Pedro Macedo Camacho
Based on Portugal's beautiful island of Madeira, Pedro Macedo Camacho composes, mixes, and arranges award-winning music for a wide variety of films, orchestras, commercials and video games. His lush, soaring, powerful arrangements will soon grace Star Citizen; the most successful crowd funded video games in history. We recently caught up with him to discuss his exciting work and his use of Sonnox plug-ins.
Tell us about your background
I was classically trained, so I learned orchestration all the way - harmony, counterpoint and so on. I studied for more than ten years before ever starting to make my first note as a professional composer. Usually media composers try to cut that part short. So I started with all of the theories, no computers, just paper and pen. What I do in Cubase, I just have to refine and orchestrate completely to match what I have in my mind and make sure it sounds great.
What platform do you work on?
I've used Logic and Sonar before, but I prefer Steinberg Cubase. Whether its score to picture or not, I tend to initially compose with piano alone. Then I go to the Cubase. I have five PCs and 176 GB of RAM, so it's a fairly big setup. Most of that RAM is used to load a complete orchestra deeply sampled with both commercial and private libraries.

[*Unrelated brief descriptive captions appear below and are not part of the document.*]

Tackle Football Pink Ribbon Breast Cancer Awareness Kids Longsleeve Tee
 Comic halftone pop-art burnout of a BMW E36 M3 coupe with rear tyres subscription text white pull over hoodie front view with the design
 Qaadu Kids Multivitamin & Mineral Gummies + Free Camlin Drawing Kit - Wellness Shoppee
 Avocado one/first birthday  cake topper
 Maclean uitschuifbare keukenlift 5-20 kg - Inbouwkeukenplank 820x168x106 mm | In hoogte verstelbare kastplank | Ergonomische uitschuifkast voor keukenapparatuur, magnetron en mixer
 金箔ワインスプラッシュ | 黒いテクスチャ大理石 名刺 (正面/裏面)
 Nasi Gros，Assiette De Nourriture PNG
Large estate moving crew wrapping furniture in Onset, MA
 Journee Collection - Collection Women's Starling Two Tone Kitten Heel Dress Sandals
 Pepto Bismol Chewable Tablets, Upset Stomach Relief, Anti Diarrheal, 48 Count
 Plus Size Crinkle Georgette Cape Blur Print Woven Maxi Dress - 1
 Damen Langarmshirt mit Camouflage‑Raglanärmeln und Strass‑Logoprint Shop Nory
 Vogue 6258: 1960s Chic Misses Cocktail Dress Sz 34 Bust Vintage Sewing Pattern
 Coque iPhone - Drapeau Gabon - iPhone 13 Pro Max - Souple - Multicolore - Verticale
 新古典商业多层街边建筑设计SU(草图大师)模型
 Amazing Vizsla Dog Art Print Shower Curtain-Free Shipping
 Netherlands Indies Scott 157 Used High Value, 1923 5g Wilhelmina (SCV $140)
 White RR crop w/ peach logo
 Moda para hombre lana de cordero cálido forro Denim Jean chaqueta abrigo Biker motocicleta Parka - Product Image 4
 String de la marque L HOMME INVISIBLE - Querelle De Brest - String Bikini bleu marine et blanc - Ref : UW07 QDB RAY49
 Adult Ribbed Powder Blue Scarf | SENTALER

I also have a wide variety of sampled libraries because I like to work in all genres of music. However, orchestral work is probably my main thing.
When scoring for a live ensemble, I tend to use the Capellen Orchestra in the Czech Republic. Then I bring the files back here and mix them.
How did you discover Sonnox plug ins?
It was word-of-mouth about the overall quality of Sonnox.
I tried many limiters from other high-end plug-in developers but none of them worked as I wanted.
When I used the Oxford Limiter for the first time I was completely blown away. Now it's my go-to limiter for orchestral music (even when I consider hardware options). Not only does it increase the perceived loudness more than other limiters, more importantly, it does not change the timbre or colour of the sound. That is crucial for orchestral music.
How do you use Sonnox plug-ins in your work?
I use Sonnox plug-ins exclusively on the mix and master bus of every orchestral project I mix. I believe that a great orchestral recording starts with perfect microphone placement, and a great performance from the players. After that you just need a little EQ and some limiting. I use Oxford EQs throughout the mix, and the Oxford Limiter on the final bus. There is something about Sonnox plug-ins that just makes it easier for me to get the sound I am looking for. I think the best example of my most recent work would be the recording of the latest performances of my Requiem Inês de Castro (YouTube ) The Oxford Limiter acts so beautifully it almost sounds as if no limiter was used at all, which to me is the highest compliment.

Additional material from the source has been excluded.